Sono 428 i teatri chiusi, inventariati e classificati dalla ricerca più recente promossa dall’Associazione
TeatriAperti, nata nel 2002 e pervenuta ora a un primo esito documentario e di sensibilizzazione molto importante.
La realtà emergente dal volume
Teatri Negati. Censimento dei teatri chiusi in Italia, a cura di Carmelo Guarino e Francesco Giambrone (con foto di Ugo Carlvero -
Franco Angeli Editore, Milano, 2008, pp. 196, 16 Eu), è fonte di stupore e di sdegno per la dimensione di un problema che investe responsabilità collettive e personali, mentre fornisce
cifre sul fenomeno al limite dell’incredibile.
L’opera è corredata da statistiche, descrizioni circostanziate, testimonianze e riflessioni. Un documento sintetico, data la vastità del materiale esaminato e le condizioni frammentarie e di precarietà in cui i luoghi e le strutture (complesse o meno; storiche o contemporanee) si trovano.
La tipologia identificativa indica Teatri, Cine teatri, Auditorium, Sale polivalenti e Teatrini. Dai più grandi e sontuosi (Petruzzelli e Margherita di Bari, Civico di Schio, Amintore Galli di Rimini) ai piccolissimi, come quello definito “il più piccolo del mondo”, il Teatro della Concordia di Monte Castello di Vibio (Umbria), quasi una riproduzione in miniatura dei grandi teatri europei (v. p.81).
A scorrere l’elenco per regione, si trova in testa la Sicilia, seguita da Lombardia, Toscana, Veneto e Piemonte. Nella “piccola” Liguria, rappresentata da 18 entità, la distribuzione per provincia risulta: Imperia 3, Savona 6, Genova 5, La Spezia 4.

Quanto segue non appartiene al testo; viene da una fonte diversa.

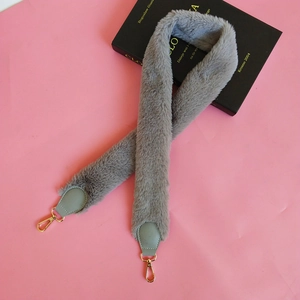Macro detail of soft grey faux fur shoulder strap with green leather and gold clips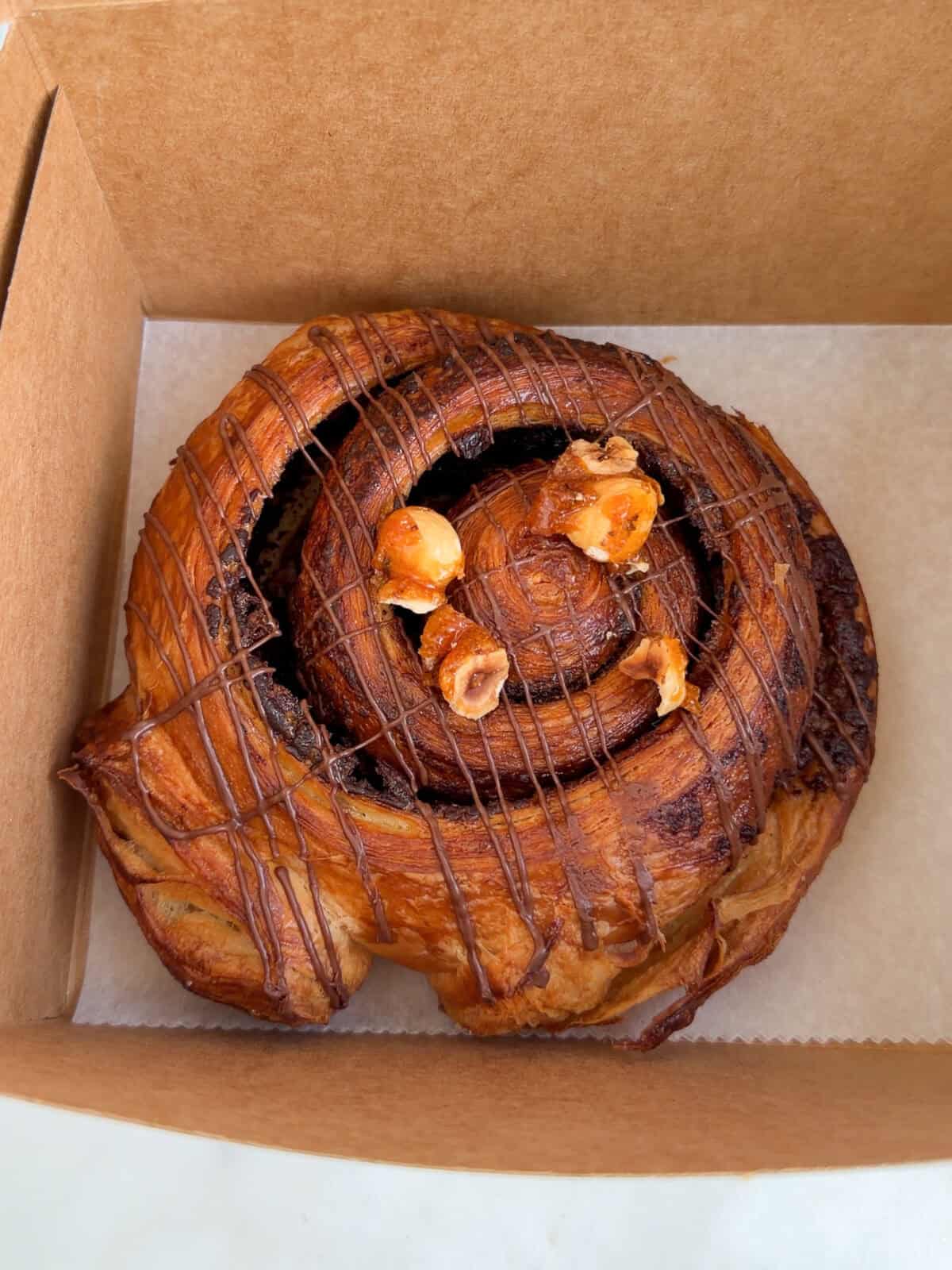 A detailed, top-down close-up shot of a large, perfectly golden-brown laminated spiral pastry drizzled with Nutella and topped with roasted hazelnuts, nestled neatly inside a brown cardboard bakery takeout box.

Come ha scritto Rodolfo Di Giammarco, si tratta di "un patrimonio perduto per inagibilità, mancanze di fondi, vicende giudiziarie, incendi, terremoti. E, spesso, malapolitica" (La Repubblica, 2 novembre 2008).
TeatriAperti si dedica a
un monitoraggio continuo, con il relativo aggiornamento dello stato dell’arte. La realtà più attuale è fotografata al marzo 2007 e riconosce la probabilità di imprecisioni e mancanze, da emendarsi in futuro, anche col concorso disinteressato dei lettori e di quanti abbiano a cuore l’argomento.
Nella distribuzione articolata dei contributi, il sommario prevede tre parti e una conclusione. La prima Parte fornisce le Ragioni di una ricerca. I casi particolari sono studiati nella seconda, con esaurienti informazioni tecniche (progetti, restauri, storia delle trasformazioni) e artistiche sul Teatro Massimo di Palermo, il nuovo Teatro La Fenice di Venezia, i già citati Petruzzelli di Bari (al centro di polemiche tornate attualissime) e Teatro della Concordia, nonché Cinque casi emblematici: il Teatro Margherita di Bari (ex Varietà Margherita); l’Amintore Galli di Rimini; il Samonà di Sciacca; l’Ernesto Rossi di Pisa; il Teatrino di Villa Raggio a Pontenure (PC). Tre racconti d’autore, di Marco Baliani (Il diario dei teatri dimenticati e Lo spirito del teatro) e di Roberto Alajmo (Nel ventre della balena), poetico intermezzo, suggeriscono parabole immaginarie sulla funzione della scena e dell’attore nella società.
Nella premessa, Riccardo Muti, fattosi promotore, garante e testimone eccellente dell’iniziativa, esprime sentimenti d’amarezza e scontento, condivisi dalla parte sensibile della cultura e dell’opinione pubblica. Il grande direttore, in Un grande patrimonio di tutti, spende parole di riconoscenza anche per le Bande musicali e ammonisce: “Questo censimento fa capire che quella che si sta perpetrando è un’autentica barbarie. […] La nostra posizione di fronte al mondo è imbarazzante e vergognosa”. Il che suscita ulteriore indignazione sul silenzio innaturale, sulle inadempienze, remore e omissioni, la cui gravità è ormai civilmente inammissibile.
Nel conclusivo Uno sguardo al futuro, Francesco Giambrone ribadisce gli intenti dei ricercatori, sia nei metodi sia nel rigore dell’impegno: “Abbiamo voluto ricostruire la disarmante situazione in cui versa una parte del patrimonio artistico e architettonico del nostro Paese, privato nel corso degli anni più recenti… di una straordinaria ricchezza […]. Ma riteniamo altrettanto importante sollecitare un dibattito nel Paese sul modello o sui modelli di gestione che permettano ai teatri riaperti di vivere e di operare”, (v. pp. 121-22).
Lungimiranza e pragmatica sollecitudine per un nucleo vitale nella futura Città umana.